Unfortunately, elephants too are succumbing. In such cases, if the poacher happens to chance upon the elephant, he usually makes off with the tusks, however miserably sized they may be. Sometimes,
especially when patrolling is very lax, the poachers are known to make hides near the elephant carcass to shoot wild boar that turn up to scavenge on the carcass. The elephants that have died in Similipal this
year appear to be victims to this sort of poaching. The large proportion of females and calves among the victims suggests that they are victims of such indiscriminate poisoning and most probably not that of
organised commercial ivory poaching.
It is to state that there have been efforts both from the governmental and non-governmental sectors to counter ‘akhand shikar’ during the past years, but somehow success has been eluding.

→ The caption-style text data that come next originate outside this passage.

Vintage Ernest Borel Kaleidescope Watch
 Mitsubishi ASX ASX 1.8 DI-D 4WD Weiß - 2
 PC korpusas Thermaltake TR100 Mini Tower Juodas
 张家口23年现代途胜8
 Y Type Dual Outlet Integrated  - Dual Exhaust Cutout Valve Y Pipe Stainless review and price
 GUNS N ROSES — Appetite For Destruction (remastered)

After considering the present context of the STR, the following issues are being highlighted for priority actions at your end:
1. Inappropriate Administrative set-up: As per the Guidelines of the Project Tiger, now National Tiger Conservation Authority, the jurisdiction of the buffer areas of the tiger reserves are to be vested
with the Field Director. In the case of the STR, as late as last year the Karanjia, Rairangpur and Baripada Forest Division were reporting to the Field Director STR. This enabled the park administration to
provide appropriate focus on the whole tiger reserve. However this has undergone a change with these divisions now reporting to the recently created Regional Chief Conservator of Forests (RCCF) at
Baripada in Mayurbhanj. It has been gathered that in view of the division of work in the Orissa Forest Department between the PCCF (General) and the PCCF (Wildlife), the line hierarchy now being
practiced in the case of the STR is highly detrimental to tiger conservation.
2. Inadequate resources:
a. Manpower: The STR suffers from a chronic staff shortage. Close to 50 per cent of field staff posts, including forest guards and foresters remain vacant. Three posts of Range Officer and a post of
Deputy Director are currently vacant. Further a lot of the forest guards and foresters are close to retirement age after having put in over three decades of service in the reserve without a single promotion. This
is scenario is disastrous for a tiger reserve like Similipal (2750 sq kms), especially considering that this staff is expected to take on armed gangs of poachers numbering in the hundreds on a frequent basis.
b. Finances: It has been gathered that the reserve does not receive adequate funds and funds allocated do not reach the STR administration on time.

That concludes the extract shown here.